In the normal case, we get that \(V(\mu)\) is just the constant function \(1/\omega\), which makes sense because the mean and variance of a normal random variable are independent parameters, i.e. there shouldn’t be any equation relating the two.

Fitting

We fit generalized linear models to a sample of data point \(\{(\mathbf{X}_i, Y_i)\}_{i=1}^n\) that we assume were generated independently by the model. Given observed design matrix \(\mathbf{X}\) and response vector \(\mathbf{y}\), the log-likelihood of \(\boldsymbol{\beta}\) is given by

\[\begin{align} l(\boldsymbol{\beta}) = \sum_i \log f_{\theta_i}(y_i) &= \sum_i \{ y_i \theta_i - b_i(\theta_i)\}/a_i(\phi) + c_i(y_i, \phi) \\ \tag{7} &= \sum_i \omega_i \{ y_i \theta_i - b_i(\theta_i)\}/\phi + c_i(y_i, \phi), \end{align}\]
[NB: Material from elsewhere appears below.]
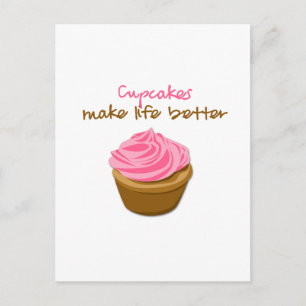 Carte Postale Les cupcakes rendent la vie meilleure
where \(\theta_i = b_i'^{-1}(g^{-1}(\beta_0 + \beta_1X_{i1} + \cdots + \beta_k X_{ik}))\). While the \(b\) and \(c\) functions vary with the sample index \(i\), this is just to allow, for example, for different binomial denominators for each observation of a binomial response.

We would like to use Newton’s method to maximize the log-likelihood, which requires the gradient vector and Hessian of the log-likelihood. For the gradient, we have each partial derivative given by

\[ \frac{\partial l}{\partial \beta_j}=\frac{1}{\phi} \sum_i \omega_i\left(y_i \frac{\partial \theta_i}{\partial \beta_j}-b_i^{\prime}\left(\theta_i\right) \frac{\partial \theta_i}{\partial \beta_j}\right) \]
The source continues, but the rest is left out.